The Twilight of Childhood

In bittersweet reflection, a mother bids her kids' childhood adieu

On Mother’s Day, I sat in the passenger seat as my family drove past Woodland Park. I looked out the window at the same old scenery, when my eyes betrayed me. The Seattle park suddenly had all new playground equipment. I gasped loudly, because I knew this change wasn’t sudden. My husband and my 12- and 9-year-old daughters answered “What?”

“They redid the playground and I had no idea!” I said.

I couldn’t believe it, and yet I could. We are no longer playground-dwellers; our lives are not about which park we will visit next. Still, it was Mother’s Day and all activities were pre-ordained by me. We marched up the hill after dinner. It felt weird that we had two dogs to bring with us now. I had willingly adopted not one but two dogs while being a parent to not one but two children.

But at the park, we spread out into a new formation, because I don’t have two children anymore, at least not in the same way as I did. I have a tween and a girl who is not kidlike. We all played with the dogs in the field as I gazed distractedly at the new equipment with complete disbelief. The park was not the same, and I kept sighing over the differences.

The big pretend boulder that I first lifted my kids up on, and that they eventually learned how to scale, had been moved. The swings still had extra-long chains, but they are probably safer now in some way and not quite as fun. Sadly, there was still no bathroom. And the structure both of my girls had practiced swinging from bar-to-bar on was replaced by a large rope-climbing orb.

At last my youngest went to climb on the orb. I soon followed, pushing my almost 44-year-old limbs from rung to rung. One thing was the same: I made casual conversation with another mom.

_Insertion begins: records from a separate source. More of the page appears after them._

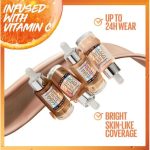 Maybelline Superstay Skin Tint Shade 60 with Vitamin C, Upto 24HR Longwear, Radiant Light-to-Medium Coverage Foundation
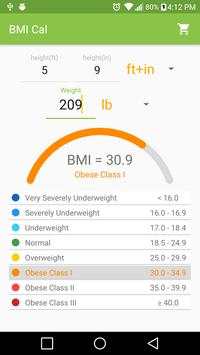 BMI Cal screenshot 3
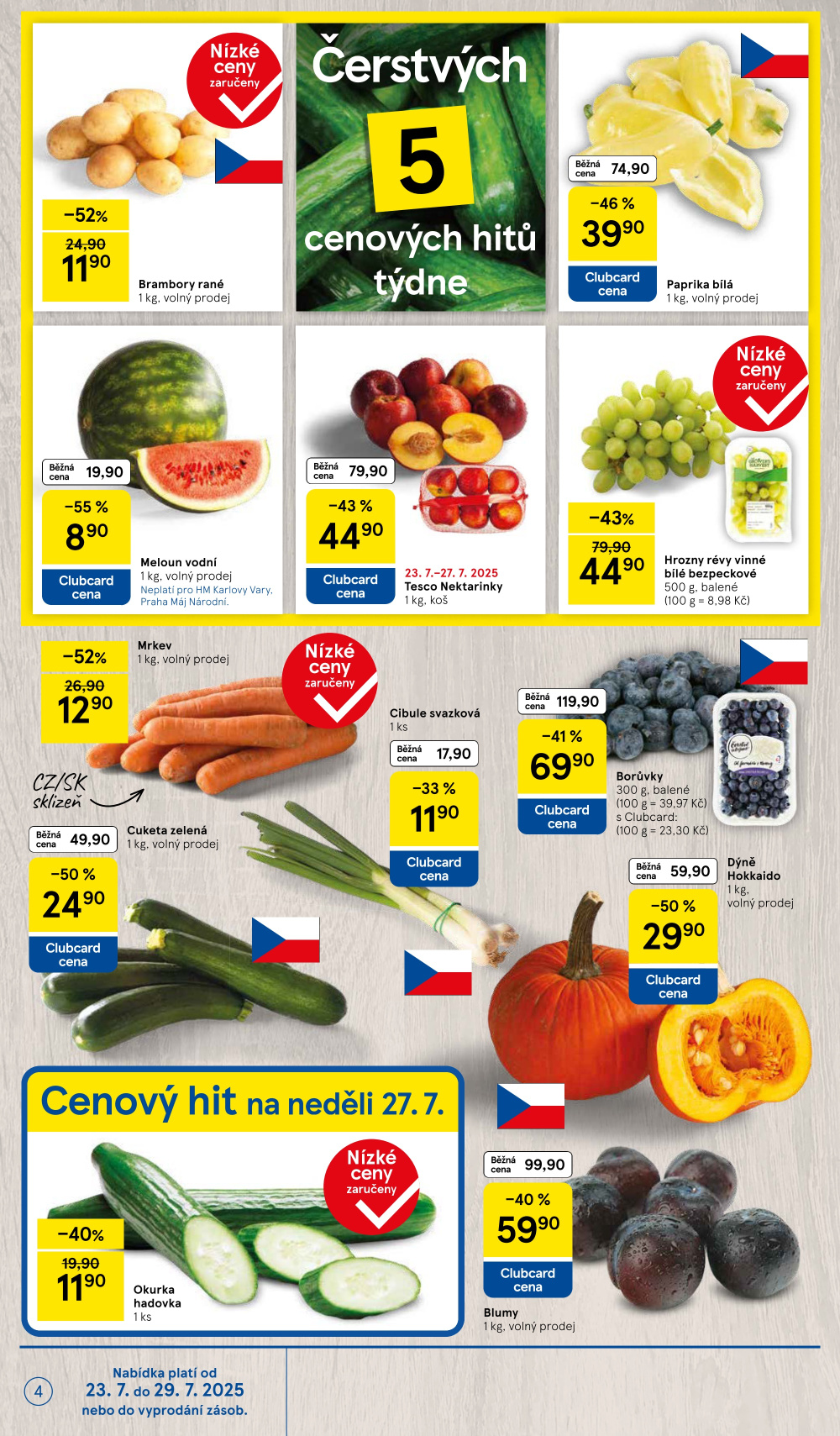 Leták Tesco hypermarket leták - strana 4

“I can’t believe the equipment is all new,” I said to the other mom. “The slide that was here is gone.”

“I know, but there are two slides over there, and the swings still go high,” she replied.

I couldn’t get over this restructuring, this leap into newness while I wasn’t looking.

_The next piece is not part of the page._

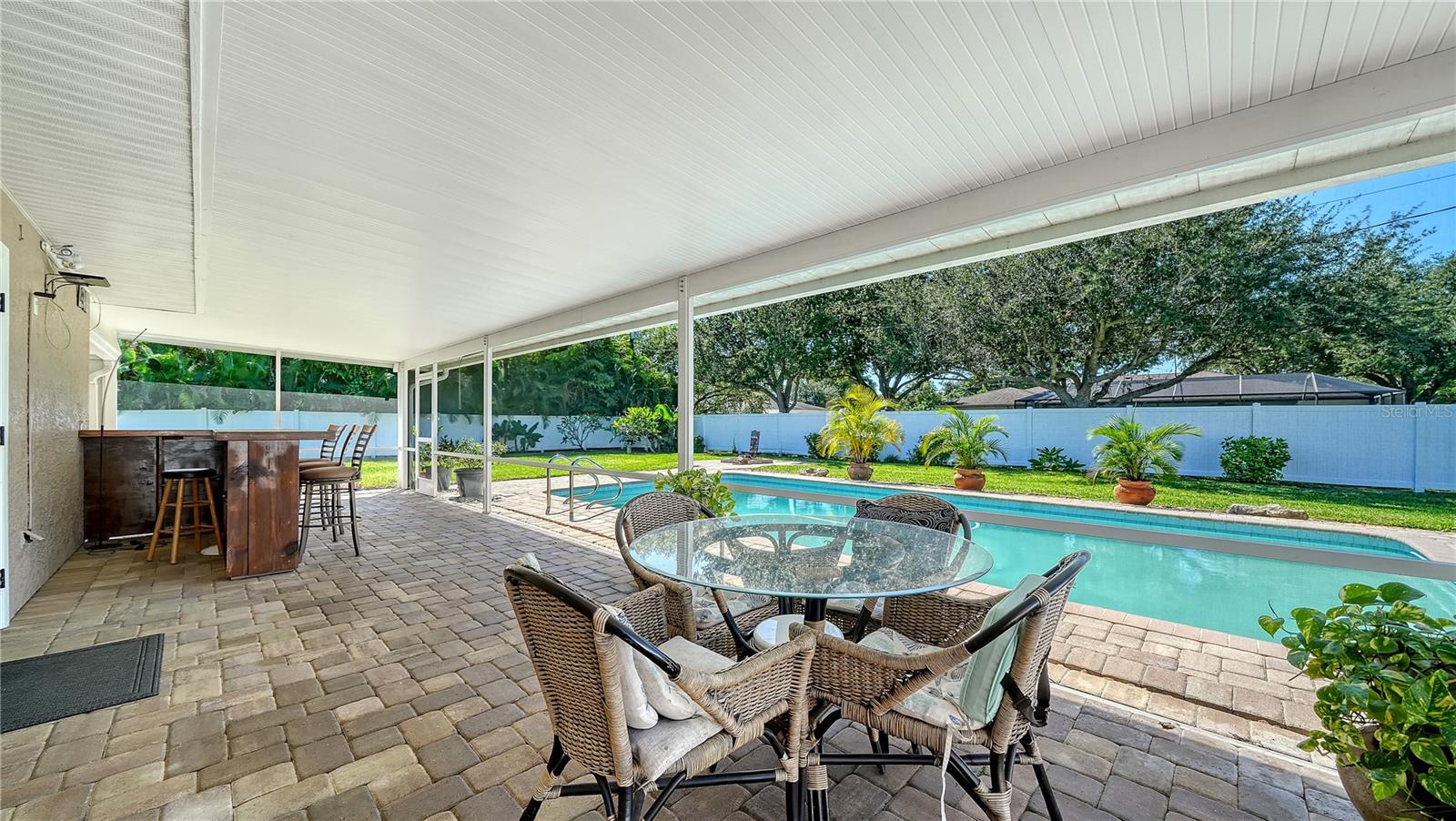 Florida Room looking toward backyard firepit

The casual mom park talk felt familiar. But I couldn’t get over this restructuring of my family and my mother life, this leap into newness while I wasn’t looking.

I leaned against the ropes and remembered the day a boy pushed my oldest down the now-disappeared slide. In my mind, I saw her play with gravity, almost going over the edge before her body corrected itself and fell too fast and then recovered and slid down the slide.

That day, my heart stopped and I felt rage for the boy who put my child in danger’s way. I couldn’t breathe, and then I could and I wanted to pummel that child for seconds that slowed down until my friend placed her hand on my shoulder and I breathed a bit deeper. My friend said she’d find the boy’s mom, and I held my daughter close to me. I remember thinking that day that I couldn’t protect her, this girl of mine, that nowhere was really safe, not even the park we came to all the time.

Now that slide was gone, and I sat basking in the sun, completely rearranged again with an idea finally solidified for real: My girls and I had left childhood way behind within the last year or so.

My oldest joined us on the climbing orb, set on reaching the pinnacle, and I now had no worry about her falling on equipment designed with younger kids in mind. Her orbs continue to move farther away from me, and I look with such astonishment at the people behind me on the parenting ladder.

About six weeks ago I saw a man holding a doll during school pick-up. Why is he holding a baby doll? I wondered. Then I focused my eyes on him as he walked toward me, and I saw he was holding a newborn. And I laughed at the idea of how foreign it seems to me to hold a real baby that my mind placed a pretend baby in his arms instead.

These days I have new kinds of babies: My daughters laugh at the way I talk 'parentese' to our dogs. Only these non-humans fit in the crooks of my elbows now.

Years ago I couldn’t breathe when my child was pushed down the slide. Playground politics were new to me then. I thought about my friend finding the other parent for me when my girl got pushed. I had held myself in check then, not approaching the boy who sent my daughter down the slide without her permission even though I wanted to.

Now I send my 12-year-old to camp and instruct her on how to take care of herself. We tuck a piece of paper that lists her good qualities into a book, knowing she can use the list when she fills lonely or lacks confidence. I have taught both girls mantras, and they tell me their mantra is, “I am awesome.” I tell them to tuck these words around them as they step into the world outside of my protective vision.

On Mother’s Day, I sat on a rope orb and watched my girls climb without me as my husband played with our dogs in the green grass. I watched the parents with younger kids and knew that I had left this world behind. I watched older kids, too, wondering if they are in college or high school. They are the ones I really keep my eyes on now, these kids flirting as they climb nearby, my thoughts speculating about the years ahead.